In other preferred embodiments of the present invention, a screen assembly for a pulp digester includes a top support arch, a bottom support arch spaced from the top support arch and at least one intermediate support arch positioned between the top and bottom support arches. The screen assembly desirably includes at least one frame member attached to the top support arch, the bottom support arch and the at least one intermediate support arch for maintaining the support arches is a fixed orientation relative to one another, and a plurality of spaced bars extending between the top and bottom support arches, the spaced bars having upper sections permanently attached to the top support arch, lower sections permanently attached to the bottom support arch and intermediate sections in contact with, but not permanently attached to, the at least one intermediate support arch. The bars are desirably curved between the upper and lower sections thereof.

In certain preferred embodiments, the screen assembly has an inner face that is concave in a horizontal direction. The inner face may be convex in a vertical direction.

Each of the support arches desirably has a convex outer face and a concave inner face having fingers that engage the respective bars. The fingers of the at least one intermediate support arch are preferably longer than the fingers of the top and bottom support arches for facilitating curving of the bars when the bars are in contact with the fingers. The inner ends of the fingers desirably have seating surfaces adapted to receive the bars. The bars have preferably have cylindrical exterior surfaces and the seating surfaces of said fingers are preferably concave for receiving the cylindrical exterior surfaces of the bars.

The support arches preferably extend in directions that are parallel to one another. At least one intermediate support arch preferably includes a plurality of intermediate support arches between the top support arch and the bottom support arch. The fingers of the intermediate support arches are progressively longer for the arches closer to the center of the screen assembly. In another preferred embodiment of the present invention, a screen assembly for removing liquid from a pulp digester includes a top support arch having inwardly extending fingers, a bottom support arch spaced from the top support arch and having inwardly extending fingers, and at least one intermediate support arch positioned between the top and bottom support arches and having inwardly extending fingers. The screen assembly desirably includes at least one frame member attached to the top support arch, the bottom support arch and the at least one intermediate support arch for maintaining the support arches is a fixed orientation relative to one another, and a plurality of spaced bars extending between the top and bottom support arches, whereby each bar is in contact with one of the fingers of each support arch. The fingers of the at least one intermediate arch are preferably longer than the fingers of the top and bottom support arches for bending the bars between the top and bottom support arches.
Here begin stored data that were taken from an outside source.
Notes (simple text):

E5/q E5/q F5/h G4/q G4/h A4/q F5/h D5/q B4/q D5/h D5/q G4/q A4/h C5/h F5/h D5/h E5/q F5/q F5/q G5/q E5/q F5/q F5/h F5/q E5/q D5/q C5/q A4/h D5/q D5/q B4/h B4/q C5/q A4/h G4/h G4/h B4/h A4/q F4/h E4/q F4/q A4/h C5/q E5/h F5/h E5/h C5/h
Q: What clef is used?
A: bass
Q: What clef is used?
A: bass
The spaced bars may have upper sections permanently attached to the fingers of the top support arch, lower sections permanently attached to fingers of the bottom support arch and intermediate sections in contact with, but not permanently attached to, the fingers of the at least one intermediate support arch.

In other preferred embodiments of the present invention, a method of installing a screen assembly in a pulp digester includes providing a vessel having an inlet, an outlet and a wall extending between the inlet and the outlet, whereby the wall of the vessel has a curved interior surface. The method includes attaching a support element to the curved interior surface of the vessel wall, and installing a screen assembly inside the vessel adjacent the curved interior surface so that the screen assembly is movable relative to the curved interior surface, whereby the support element engages a portion of the screen assembly for limiting downward movement of the screen assembly through the vessel. The attaching step may include permanently securing the support element to the curved interior surface, such as by welding.
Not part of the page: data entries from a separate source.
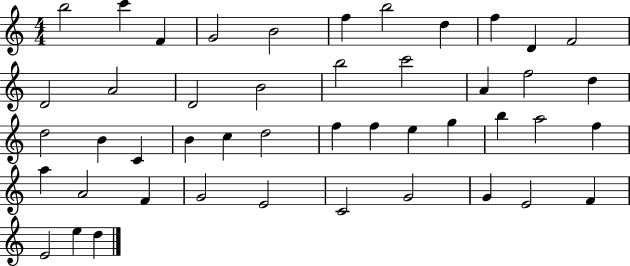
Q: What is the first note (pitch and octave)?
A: B5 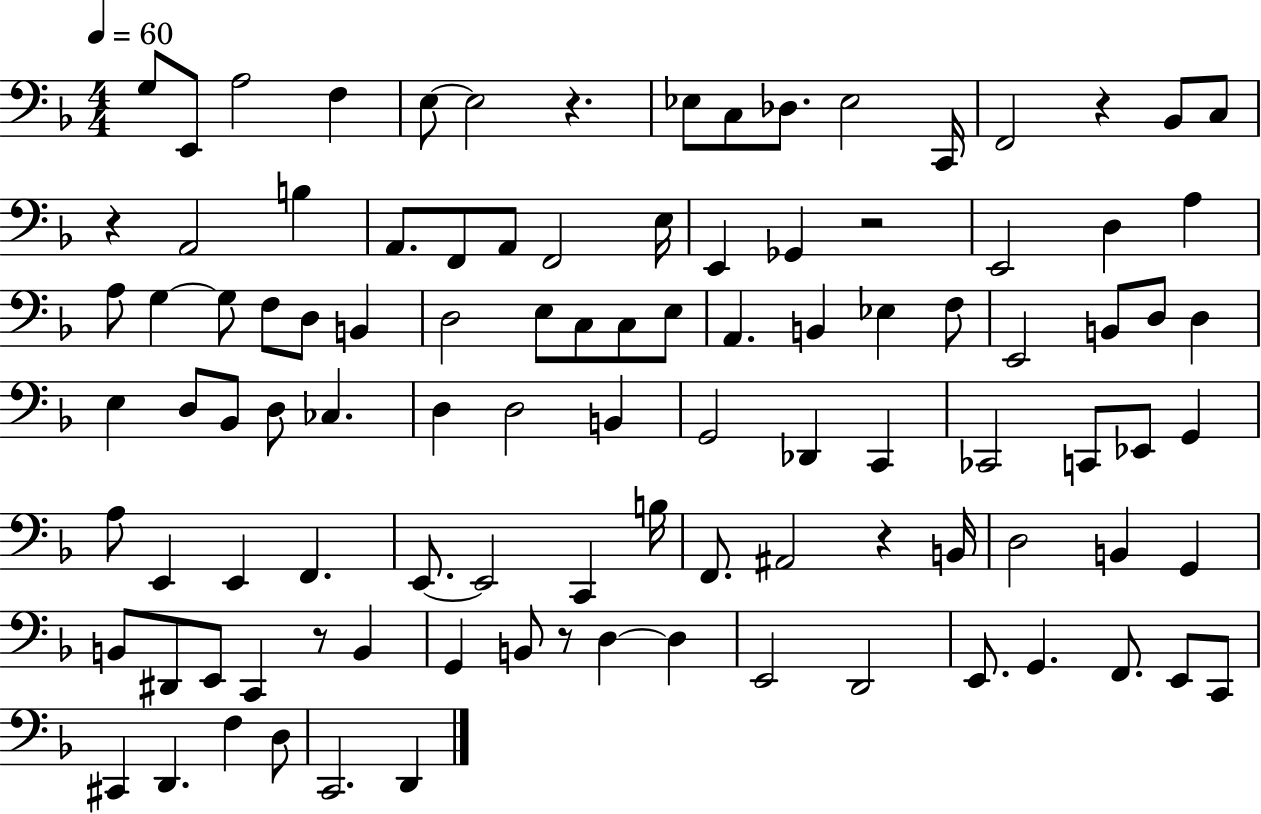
{
  \clef bass
  \numericTimeSignature
  \time 4/4
  \key f \major
  \tempo 4 = 60
  g8 e,8 a2 f4 | e8~~ e2 r4. | ees8 c8 des8. ees2 c,16 | f,2 r4 bes,8 c8 | \break r4 a,2 b4 | a,8. f,8 a,8 f,2 e16 | e,4 ges,4 r2 | e,2 d4 a4 | \break a8 g4~~ g8 f8 d8 b,4 | d2 e8 c8 c8 e8 | a,4. b,4 ees4 f8 | e,2 b,8 d8 d4 | \break e4 d8 bes,8 d8 ces4. | d4 d2 b,4 | g,2 des,4 c,4 | ces,2 c,8 ees,8 g,4 | \break a8 e,4 e,4 f,4. | e,8.~~ e,2 c,4 b16 | f,8. ais,2 r4 b,16 | d2 b,4 g,4 | \break b,8 dis,8 e,8 c,4 r8 b,4 | g,4 b,8 r8 d4~~ d4 | e,2 d,2 | e,8. g,4. f,8. e,8 c,8 | \break cis,4 d,4. f4 d8 | c,2. d,4 | \bar "|."
}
In another preferred embodiment of the present invention, a method of installing a screen assembly in a pulp digester includes providing a vessel having an inlet, an outlet and a wall extending between the inlet and the outlet, whereby the wall of the vessel has a curved interior surface, and installing a screen assembly inside the vessel adjacent the curved interior surface, the screen assembly having a horizontal cross-section that is concave and a vertical cross-section that is convex. The method may include attaching a support element to the curved interior surface of the vessel wall so that the screen assembly is movable relative to the curved interior surface, whereby the support element engages a portion of the screen assembly for limiting downward movement of the screen assembly through the vessel.

These and other preferred embodiments of the present invention will be described in more detail below.

BRIEF DESCRIPTION OF THE DRAWINGS

FIG. 1A shows a cross-sectional view of a prior art pulp digester including a vessel and a cylindrical screen mounted in the vessel.

FIG. 1B shows a fragmentary front elevation view of the prior art pulp digester of FIG. 1A.

FIG. 2A shows a cross-sectional view of a prior art pulp digester including a vessel and a diverging screen mounted in the vessel.

FIG. 2B shows a fragmentary front elevation view of the prior art pulp digester of FIG. 2A. FIG. 3A shows a cross-sectional view of a pulp digester including a vessel and a screen positioned inside the vessel, in accordance with certain preferred embodiments of the present invention.

FIG. 3B shows a fragmentary front elevation view of the vessel and the screen shown in FIG. 3A.

FIG. 4 shows another cross-sectional view of the pulp digester shown in FIG. 3A.

FIG. 5 shows an expanded view of an upper section of the screen shown in FIG. 4.

FIG. 6 shows an expanded view of an intermediate section of the screen shown in FIG. 4.

FIG. 7 shows an expanded view of a lower section of the screen shown in FIG. 4.

FIG. 8 shows a top plan view of a portion of the vessel and the screen shown in FIG. 4.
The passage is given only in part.